Houghton Home my Jeep
Oh, there were some grand battles. I can still remember the cars tipped over and fires in the streets to block the roads and listening to the tales of the fights in the mountains with guns and blasting powder. It all started when strikers would be fired and their families and all belongings were thrown out of their homes and into the streets. Scabs would move into their homes and hundreds of gunmen were brought in from Colorado, Idaho and Montana to protect and escort the scabs to work. Seeing their jobs taken would anger the old

workers. Fights would soon take place. Eventually a striker would be shot, then scabs would be shot. The State Militia would be called to establish martial law and sharpshooters hiding in the hills would shoot at the strikers.

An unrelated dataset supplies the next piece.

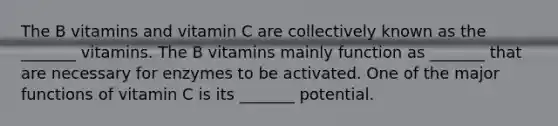 The B vitamins and vitamin C are collectively known as the _______ vitamins. The B vitamins mainly function as _______ that are necessary for enzymes to be activated. One of the major functions of vitamin C is its _______ potential.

I can still remember the metal tank on rails that protected the Company gunmen while they shot at the strikers. And the intense hatred of the Bingham people who opposed these lawless company gunmen (hoodlums with no one to answer to). Labor agents were sent to Yugoslavia, Greece, Turkey, Italy, Mexico and elsewhere to find cheap laborers. The English were preferred because they were skilled miners. Mormons and whites also did well because of the Church owned mines and control of government. My family came from Finland and took part in these strikes and suffered during these hard times. Then there were the minorities from Central Europe, who were so abused by the companies, that were the first to join unions. Some even came as scabs and in time became strikers because of injustice.
 There was no tolerance for race or religion in those days. When their husbands were locked into box-cars, pest houses or jail, the wives and daughters would march in the streets and man the picket lines. The emigrant’s Old World customs, beliefs and religion caused them to be scorned both by the Mormons and the company.There is a lot of mining going on in Carbon County but they are using more machinery and fewer people. We still have family members that are part of it. Federal Laws and Unions have given them a safer job with a better life and a pension if they live long enough. The people have learned to tolerate and enjoy each other. They are no longer separated by racial or ethnic groups like they were in my day. The diversity of its people makes Carbon County a most enjoyable place to go. It's also getting harder to find a good family restaurant serving ethnic food.